One more useful method that comes with the os-package is splitext() which again returns a tuple of two strings, albeit this time split at the final dot (second string still contains the "." at the front of the returned extension!):

In [None]:
print(f"splitext() win: {os.path.splitext(os.path.join(path_win,'abc.pdf'))}")
print(f"splitext() posix: {os.path.splitext(os.path.join(path_posix,'abc.pdf'))}")
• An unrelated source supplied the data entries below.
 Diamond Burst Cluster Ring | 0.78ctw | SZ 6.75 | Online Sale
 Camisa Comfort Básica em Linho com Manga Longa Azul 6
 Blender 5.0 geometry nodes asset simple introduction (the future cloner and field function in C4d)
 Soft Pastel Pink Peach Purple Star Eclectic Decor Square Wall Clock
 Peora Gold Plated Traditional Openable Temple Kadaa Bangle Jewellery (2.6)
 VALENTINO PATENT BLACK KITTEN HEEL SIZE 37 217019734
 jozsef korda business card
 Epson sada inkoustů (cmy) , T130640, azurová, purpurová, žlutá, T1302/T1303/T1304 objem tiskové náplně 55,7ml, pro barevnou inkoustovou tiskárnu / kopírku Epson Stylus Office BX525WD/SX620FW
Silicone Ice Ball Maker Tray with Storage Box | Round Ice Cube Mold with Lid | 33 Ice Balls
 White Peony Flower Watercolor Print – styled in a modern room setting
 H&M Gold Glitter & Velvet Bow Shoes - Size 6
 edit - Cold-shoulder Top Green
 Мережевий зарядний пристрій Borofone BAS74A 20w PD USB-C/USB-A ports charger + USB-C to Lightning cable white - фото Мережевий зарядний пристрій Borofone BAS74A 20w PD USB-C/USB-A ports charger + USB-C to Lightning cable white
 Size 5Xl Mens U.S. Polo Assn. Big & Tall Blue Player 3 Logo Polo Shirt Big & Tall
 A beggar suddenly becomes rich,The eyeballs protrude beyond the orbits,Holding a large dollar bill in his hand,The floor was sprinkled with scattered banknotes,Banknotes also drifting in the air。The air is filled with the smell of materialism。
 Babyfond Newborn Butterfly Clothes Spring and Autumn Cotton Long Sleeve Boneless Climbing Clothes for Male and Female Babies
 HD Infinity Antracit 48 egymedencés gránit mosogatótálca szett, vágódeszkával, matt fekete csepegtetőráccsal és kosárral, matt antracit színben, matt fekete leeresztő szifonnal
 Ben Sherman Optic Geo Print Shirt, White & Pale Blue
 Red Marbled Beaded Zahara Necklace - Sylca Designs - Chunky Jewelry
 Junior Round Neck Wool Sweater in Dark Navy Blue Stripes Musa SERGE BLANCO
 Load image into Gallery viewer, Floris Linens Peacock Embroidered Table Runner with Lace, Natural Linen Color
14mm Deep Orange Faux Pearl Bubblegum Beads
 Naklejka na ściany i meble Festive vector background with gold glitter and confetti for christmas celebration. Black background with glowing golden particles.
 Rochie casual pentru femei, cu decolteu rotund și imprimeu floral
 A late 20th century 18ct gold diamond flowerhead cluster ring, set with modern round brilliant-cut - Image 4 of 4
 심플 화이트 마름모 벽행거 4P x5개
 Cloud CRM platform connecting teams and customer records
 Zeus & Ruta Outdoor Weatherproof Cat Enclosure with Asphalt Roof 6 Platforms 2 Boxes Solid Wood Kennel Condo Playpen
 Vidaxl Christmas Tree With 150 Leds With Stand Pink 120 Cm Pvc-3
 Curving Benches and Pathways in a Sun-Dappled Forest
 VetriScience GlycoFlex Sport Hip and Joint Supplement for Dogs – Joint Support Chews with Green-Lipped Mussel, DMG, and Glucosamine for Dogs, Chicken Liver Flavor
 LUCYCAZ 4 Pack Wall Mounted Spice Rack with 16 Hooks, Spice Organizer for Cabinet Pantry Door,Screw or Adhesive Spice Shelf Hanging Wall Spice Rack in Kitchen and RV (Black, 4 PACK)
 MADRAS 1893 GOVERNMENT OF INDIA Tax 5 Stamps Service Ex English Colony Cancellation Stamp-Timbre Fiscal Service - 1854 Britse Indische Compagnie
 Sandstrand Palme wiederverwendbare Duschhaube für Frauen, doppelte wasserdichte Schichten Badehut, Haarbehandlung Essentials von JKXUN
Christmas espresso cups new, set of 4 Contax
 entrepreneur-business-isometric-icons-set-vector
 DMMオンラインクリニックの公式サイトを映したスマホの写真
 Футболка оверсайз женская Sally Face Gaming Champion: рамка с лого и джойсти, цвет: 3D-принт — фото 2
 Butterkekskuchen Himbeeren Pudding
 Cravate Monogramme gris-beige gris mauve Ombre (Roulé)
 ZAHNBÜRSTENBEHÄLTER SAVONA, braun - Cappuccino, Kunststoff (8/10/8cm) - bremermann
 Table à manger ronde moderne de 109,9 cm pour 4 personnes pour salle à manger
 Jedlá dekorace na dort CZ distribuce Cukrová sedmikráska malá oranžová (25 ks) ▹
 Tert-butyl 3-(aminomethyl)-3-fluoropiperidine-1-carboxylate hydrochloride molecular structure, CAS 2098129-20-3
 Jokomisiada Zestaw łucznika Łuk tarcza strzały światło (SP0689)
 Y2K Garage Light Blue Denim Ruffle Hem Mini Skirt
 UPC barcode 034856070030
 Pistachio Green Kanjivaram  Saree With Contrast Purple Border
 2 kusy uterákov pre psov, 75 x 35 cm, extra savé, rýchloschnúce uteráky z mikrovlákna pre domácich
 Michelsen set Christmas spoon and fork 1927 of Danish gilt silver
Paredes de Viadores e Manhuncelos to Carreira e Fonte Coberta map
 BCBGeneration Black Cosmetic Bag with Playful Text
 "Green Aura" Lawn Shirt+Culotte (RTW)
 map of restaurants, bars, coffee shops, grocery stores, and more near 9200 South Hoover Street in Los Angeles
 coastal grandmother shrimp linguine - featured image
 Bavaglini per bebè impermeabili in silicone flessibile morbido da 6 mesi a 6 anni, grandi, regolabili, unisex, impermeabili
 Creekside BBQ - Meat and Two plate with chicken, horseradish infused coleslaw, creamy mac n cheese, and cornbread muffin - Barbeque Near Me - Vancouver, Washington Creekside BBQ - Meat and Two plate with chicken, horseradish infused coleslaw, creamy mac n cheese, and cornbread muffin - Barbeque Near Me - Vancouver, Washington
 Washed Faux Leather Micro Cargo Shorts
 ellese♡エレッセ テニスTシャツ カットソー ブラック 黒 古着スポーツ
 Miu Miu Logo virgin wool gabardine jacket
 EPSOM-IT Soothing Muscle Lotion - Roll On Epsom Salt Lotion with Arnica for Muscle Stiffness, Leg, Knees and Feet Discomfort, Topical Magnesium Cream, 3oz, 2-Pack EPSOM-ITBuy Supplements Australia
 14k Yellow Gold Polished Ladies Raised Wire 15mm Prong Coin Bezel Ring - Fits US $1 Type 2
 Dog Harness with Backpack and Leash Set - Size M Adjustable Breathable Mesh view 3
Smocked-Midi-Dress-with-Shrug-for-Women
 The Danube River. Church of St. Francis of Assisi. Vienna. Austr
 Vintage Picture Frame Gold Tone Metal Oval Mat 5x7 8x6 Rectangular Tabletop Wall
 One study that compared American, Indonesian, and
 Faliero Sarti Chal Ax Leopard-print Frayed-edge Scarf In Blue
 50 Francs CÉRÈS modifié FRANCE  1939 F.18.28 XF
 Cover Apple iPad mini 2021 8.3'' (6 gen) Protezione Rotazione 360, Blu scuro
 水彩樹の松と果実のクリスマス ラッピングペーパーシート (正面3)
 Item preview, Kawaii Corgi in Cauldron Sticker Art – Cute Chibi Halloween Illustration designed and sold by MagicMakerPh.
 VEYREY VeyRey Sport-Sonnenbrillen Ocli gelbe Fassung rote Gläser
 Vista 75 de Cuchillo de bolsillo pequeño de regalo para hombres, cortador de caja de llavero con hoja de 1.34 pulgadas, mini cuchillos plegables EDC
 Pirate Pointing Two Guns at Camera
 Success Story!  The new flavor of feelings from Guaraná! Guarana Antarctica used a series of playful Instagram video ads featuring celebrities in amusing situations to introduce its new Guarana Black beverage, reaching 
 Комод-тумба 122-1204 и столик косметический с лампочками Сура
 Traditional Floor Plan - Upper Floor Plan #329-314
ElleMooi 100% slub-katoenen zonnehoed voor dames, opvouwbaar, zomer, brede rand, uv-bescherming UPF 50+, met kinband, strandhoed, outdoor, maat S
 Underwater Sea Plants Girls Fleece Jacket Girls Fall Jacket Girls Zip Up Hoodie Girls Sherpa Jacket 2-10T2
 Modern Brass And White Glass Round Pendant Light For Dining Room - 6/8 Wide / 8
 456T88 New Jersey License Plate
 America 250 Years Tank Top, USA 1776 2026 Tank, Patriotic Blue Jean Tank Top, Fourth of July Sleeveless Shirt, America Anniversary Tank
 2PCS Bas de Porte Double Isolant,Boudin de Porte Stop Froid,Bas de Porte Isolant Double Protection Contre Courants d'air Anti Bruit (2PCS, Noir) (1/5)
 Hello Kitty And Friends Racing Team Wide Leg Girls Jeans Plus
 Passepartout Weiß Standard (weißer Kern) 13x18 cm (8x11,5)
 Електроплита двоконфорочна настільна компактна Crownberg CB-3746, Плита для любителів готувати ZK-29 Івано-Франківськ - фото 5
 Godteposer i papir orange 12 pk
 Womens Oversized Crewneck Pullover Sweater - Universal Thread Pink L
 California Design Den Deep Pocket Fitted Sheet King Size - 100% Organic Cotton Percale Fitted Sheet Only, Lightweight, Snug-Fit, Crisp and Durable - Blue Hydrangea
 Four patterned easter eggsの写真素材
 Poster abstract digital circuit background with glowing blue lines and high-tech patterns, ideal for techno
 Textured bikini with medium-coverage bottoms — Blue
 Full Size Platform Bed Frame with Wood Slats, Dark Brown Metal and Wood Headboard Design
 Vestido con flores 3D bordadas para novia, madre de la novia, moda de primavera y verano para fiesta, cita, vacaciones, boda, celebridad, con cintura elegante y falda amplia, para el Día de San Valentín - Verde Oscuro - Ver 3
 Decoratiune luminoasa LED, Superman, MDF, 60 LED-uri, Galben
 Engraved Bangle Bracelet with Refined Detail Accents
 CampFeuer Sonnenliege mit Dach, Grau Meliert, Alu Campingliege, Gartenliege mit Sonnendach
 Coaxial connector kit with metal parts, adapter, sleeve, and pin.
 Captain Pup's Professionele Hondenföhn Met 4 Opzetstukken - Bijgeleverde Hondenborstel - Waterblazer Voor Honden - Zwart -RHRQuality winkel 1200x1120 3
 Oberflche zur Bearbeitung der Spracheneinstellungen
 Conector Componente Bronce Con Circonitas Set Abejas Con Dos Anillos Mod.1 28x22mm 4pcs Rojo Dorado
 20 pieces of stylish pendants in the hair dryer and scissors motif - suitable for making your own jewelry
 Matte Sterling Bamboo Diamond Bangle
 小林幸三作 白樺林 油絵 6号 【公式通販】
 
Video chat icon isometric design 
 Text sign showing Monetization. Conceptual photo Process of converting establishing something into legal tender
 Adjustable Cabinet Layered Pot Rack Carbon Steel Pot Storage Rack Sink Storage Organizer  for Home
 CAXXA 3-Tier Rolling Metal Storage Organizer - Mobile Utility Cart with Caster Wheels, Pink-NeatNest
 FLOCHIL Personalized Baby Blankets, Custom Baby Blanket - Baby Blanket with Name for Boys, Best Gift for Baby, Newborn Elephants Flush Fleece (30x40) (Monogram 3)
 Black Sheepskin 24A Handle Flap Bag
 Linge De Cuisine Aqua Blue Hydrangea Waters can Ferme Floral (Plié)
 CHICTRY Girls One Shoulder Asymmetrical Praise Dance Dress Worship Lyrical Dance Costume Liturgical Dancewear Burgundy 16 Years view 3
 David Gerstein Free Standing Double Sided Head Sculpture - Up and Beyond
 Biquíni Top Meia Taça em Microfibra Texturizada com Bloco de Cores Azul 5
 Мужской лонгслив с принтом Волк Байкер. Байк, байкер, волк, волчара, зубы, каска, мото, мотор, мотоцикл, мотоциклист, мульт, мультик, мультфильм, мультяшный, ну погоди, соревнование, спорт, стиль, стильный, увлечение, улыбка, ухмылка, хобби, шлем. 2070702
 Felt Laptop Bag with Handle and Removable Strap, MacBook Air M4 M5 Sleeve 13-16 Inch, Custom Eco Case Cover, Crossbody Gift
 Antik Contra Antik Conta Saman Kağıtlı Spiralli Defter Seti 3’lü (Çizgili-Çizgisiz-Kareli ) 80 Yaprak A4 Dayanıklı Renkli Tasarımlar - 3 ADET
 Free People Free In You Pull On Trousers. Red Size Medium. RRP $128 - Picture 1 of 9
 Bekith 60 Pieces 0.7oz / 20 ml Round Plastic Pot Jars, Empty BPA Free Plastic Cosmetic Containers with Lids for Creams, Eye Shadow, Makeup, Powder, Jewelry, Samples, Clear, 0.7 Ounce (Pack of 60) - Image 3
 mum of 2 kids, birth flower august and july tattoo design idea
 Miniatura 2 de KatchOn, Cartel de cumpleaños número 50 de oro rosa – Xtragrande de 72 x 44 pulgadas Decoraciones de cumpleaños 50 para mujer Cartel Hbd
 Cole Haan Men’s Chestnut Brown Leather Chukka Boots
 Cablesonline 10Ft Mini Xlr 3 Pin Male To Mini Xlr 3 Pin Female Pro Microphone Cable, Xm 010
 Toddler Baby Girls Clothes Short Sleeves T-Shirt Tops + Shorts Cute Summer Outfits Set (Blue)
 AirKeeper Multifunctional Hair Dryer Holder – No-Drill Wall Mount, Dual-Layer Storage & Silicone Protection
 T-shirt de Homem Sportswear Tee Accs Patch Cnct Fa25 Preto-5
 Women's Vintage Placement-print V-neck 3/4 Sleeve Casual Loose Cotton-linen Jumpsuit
There are also functions that help you evaluate whether or not some path exists as well as if it leads to a file or a folder.

In [None]:
print(f"Does {os.path.join(path_win,path_extension)} exist? {os.path.exists(os.path.join(path_win,path_extension))}")

testfolder_path = os.path.join(os.getcwd(),'testfolder')
testfile_path = os.path.join(os.getcwd(),"04_accessing_files.ipynb")

print(f"Does {testfolder_path} exist? {os.path.exists(testfolder_path)}")
print(f"Does {testfile_path} exist? {os.path.exists(testfile_path)}")

In [None]:
print(f"Is {testfolder_path} a file? {os.path.isfile(testfolder_path)}")
print(f"Is {testfolder_path} a directory? {os.path.isdir(testfolder_path)}")

print(f"Is {testfile_path} a file? {os.path.isfile(testfile_path)}")
print(f"Is {testfile_path} a directory? {os.path.isdir(testfile_path)}")

#### Creating files and directories

You can also use the OS package to create a new directory directly from your python script.

In [None]:
os.mkdir(testfolder_path)

Trying to blindly create files or folders can lead to errors as seen above where the folder already exists. A better way of doing this is to check whether or not a file or folder already exists: 

In [None]:
if not os.path.exists(testfolder_path):
    os.mkdir(testfolder_path)
else:
    print("Path already exists. Not creating new directory.")
    
if not os.path.exists(testfile_path):
    os.mkdir(testfile_path)
else:
    print("Path already exists. Not creating new file.")
    
new_folder = os.path.join(os.getcwd(),"new_folder")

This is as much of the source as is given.